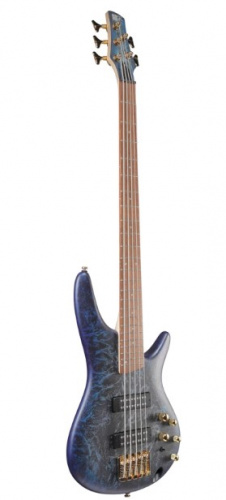 Бас-гитара IBANEZ SR305EDX CZM - JCS.UA фото 2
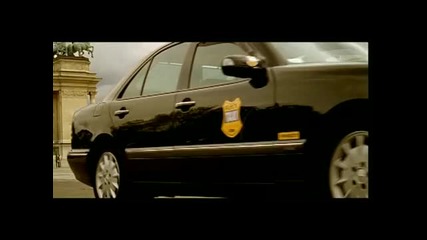 David Deejay ft. Dony - So Bizarre (official Music Video)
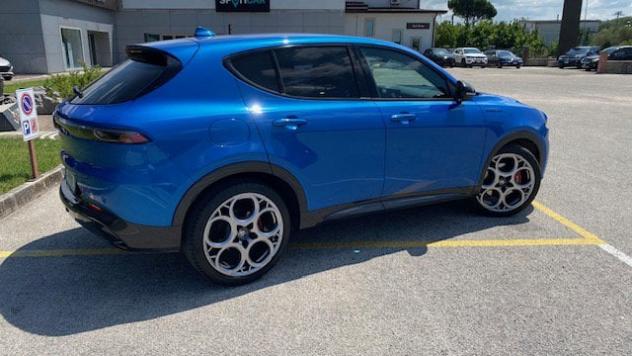 Alfa Romeo Tonale 1.5 130cv Hybrid TCT7 Speciale - Foto 10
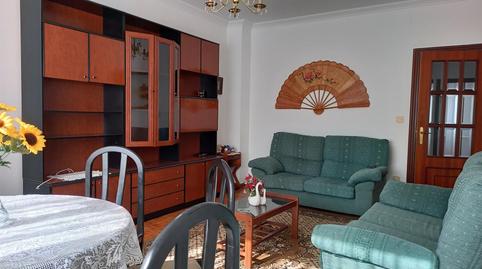 Foto 2 de Pis en venda a Avenida Arcadio Pardiñas, 91, Burela, Lugo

++++

Omitting the images, copy the listing exactly.

** Solution for this problem **
 Бас-гитара IBANEZ SR305EDX CZM - JCS.UA фото 2
 David Deejay ft. Dony - So Bizarre (official Music Video)
 Alfa Romeo Tonale 1.5 130cv Hybrid TCT7 Speciale - Foto 10
 Foto 2 de Pis en venda a Avenida Arcadio Pardiñas, 91, Burela, Lugo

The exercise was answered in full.